§ Study material:
== Segment start ==

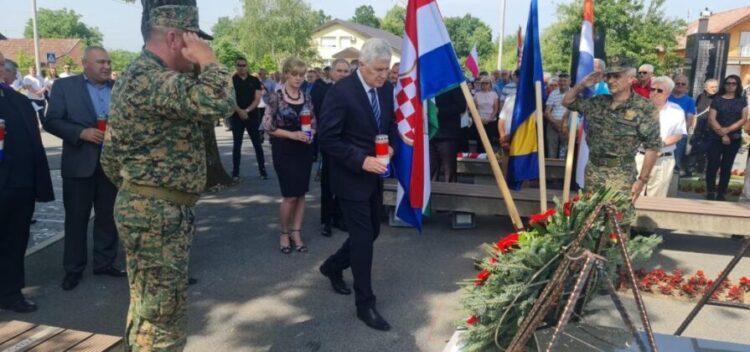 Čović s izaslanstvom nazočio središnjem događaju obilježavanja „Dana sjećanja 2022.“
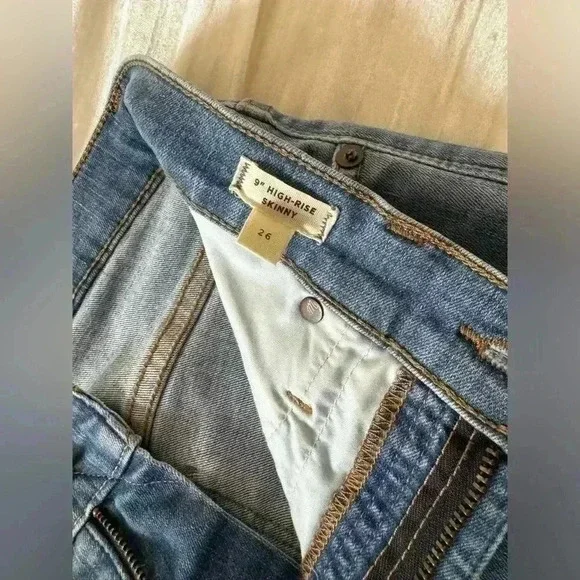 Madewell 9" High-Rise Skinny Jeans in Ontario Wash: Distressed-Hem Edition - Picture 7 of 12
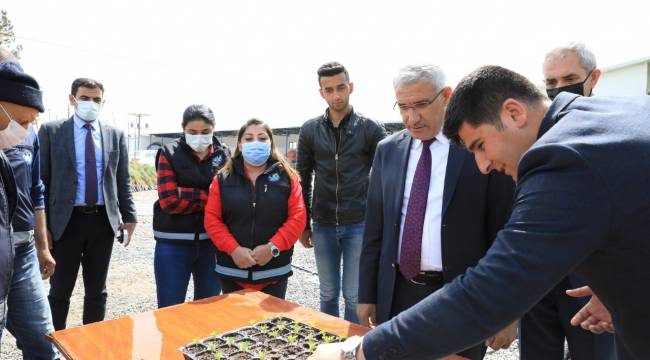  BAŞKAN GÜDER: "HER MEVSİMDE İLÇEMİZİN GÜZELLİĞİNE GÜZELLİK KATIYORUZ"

== Segment end ==
== Segment start ==

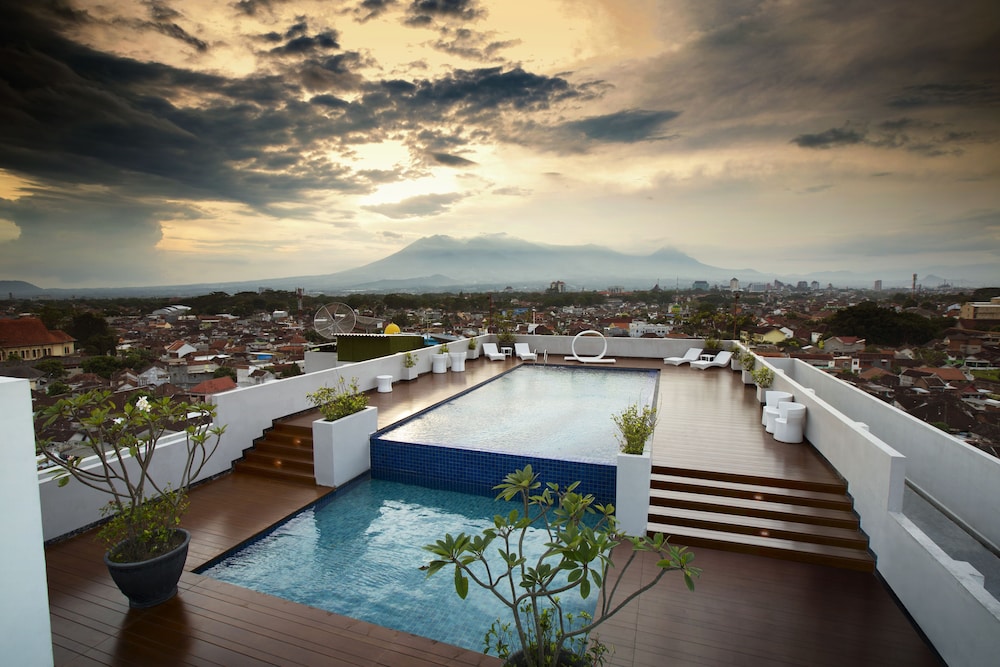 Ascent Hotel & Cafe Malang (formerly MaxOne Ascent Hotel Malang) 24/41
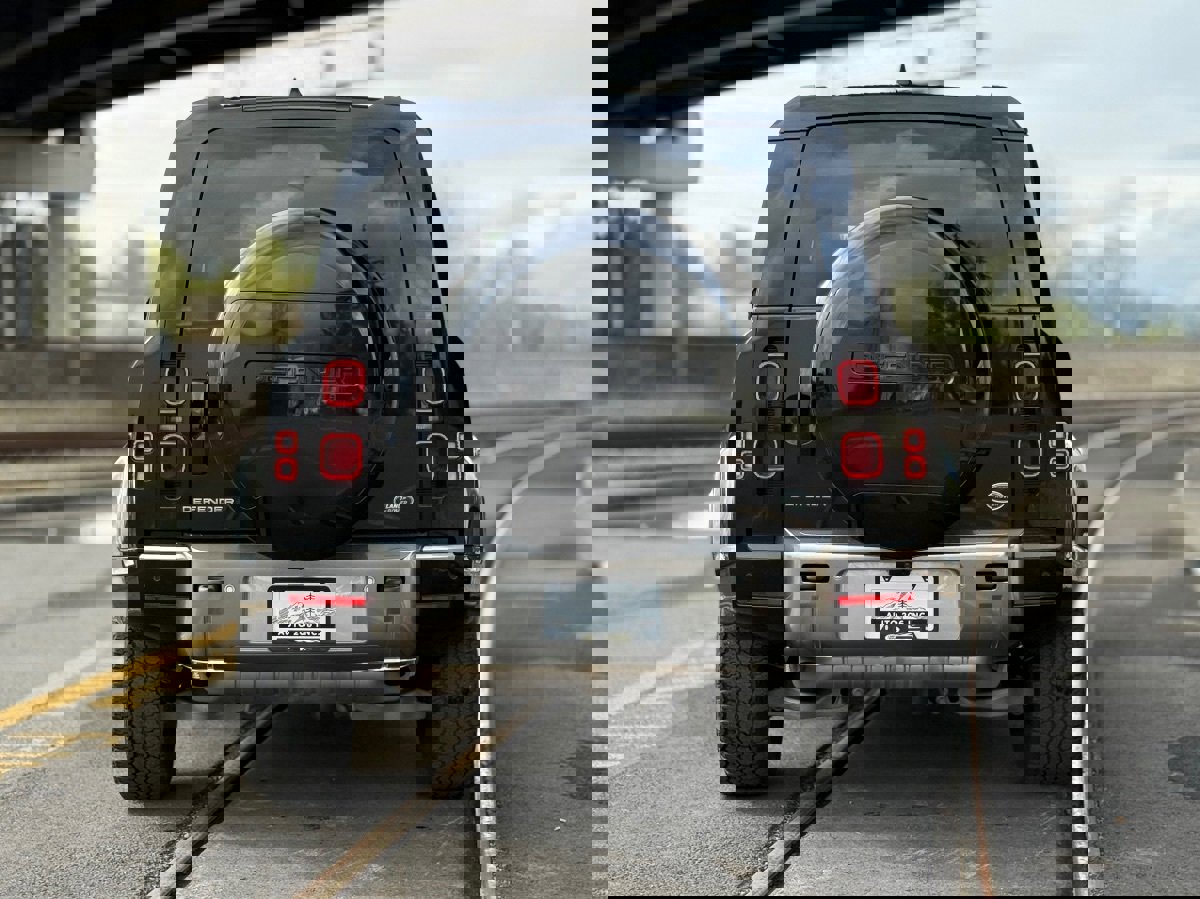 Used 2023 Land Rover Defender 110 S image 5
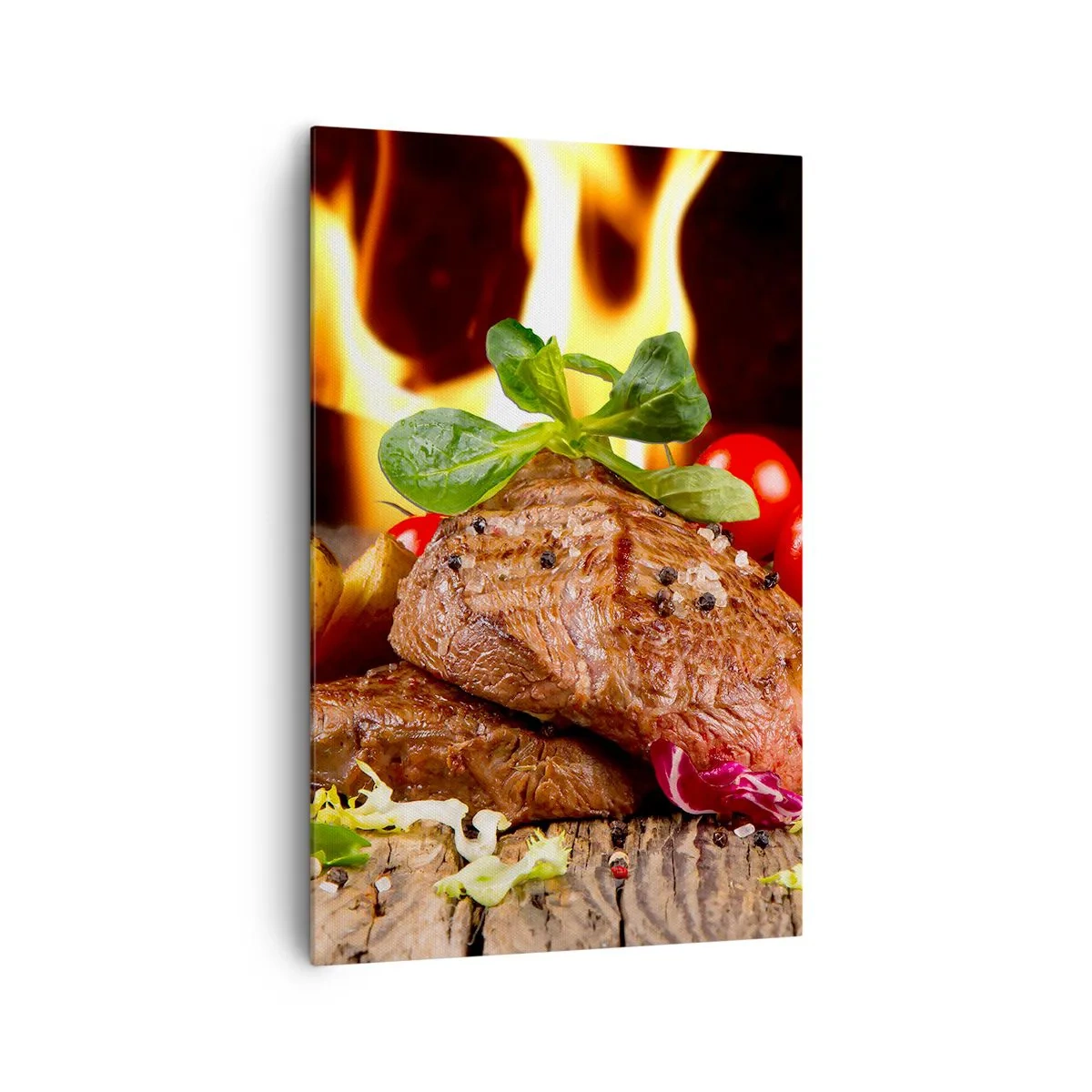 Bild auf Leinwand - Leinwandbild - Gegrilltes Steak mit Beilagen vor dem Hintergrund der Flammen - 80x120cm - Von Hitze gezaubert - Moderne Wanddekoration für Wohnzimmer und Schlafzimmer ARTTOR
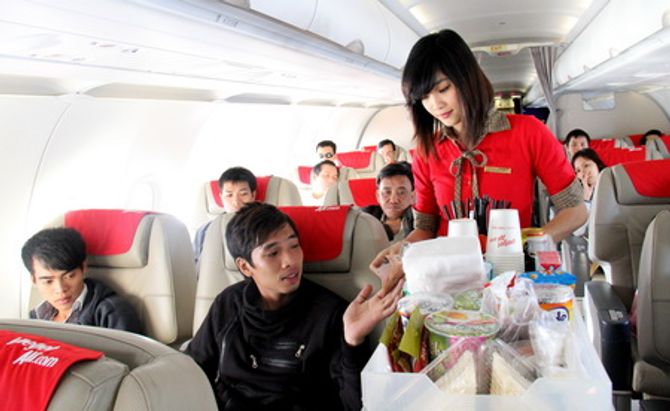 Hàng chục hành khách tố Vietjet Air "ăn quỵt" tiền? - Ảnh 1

== Segment end ==

For this task, return exactly the stretch of the listing above from the line with "Čović s izaslanstvom" through the line with "MEVSİMDE İLÇEMİZİN GÜZELLİĞİNE", inclusive and without pictures.

 Čović s izaslanstvom nazočio središnjem događaju obilježavanja „Dana sjećanja 2022.“
 Madewell 9" High-Rise Skinny Jeans in Ontario Wash: Distressed-Hem Edition - Picture 7 of 12
  BAŞKAN GÜDER: "HER MEVSİMDE İLÇEMİZİN GÜZELLİĞİNE GÜZELLİK KATIYORUZ"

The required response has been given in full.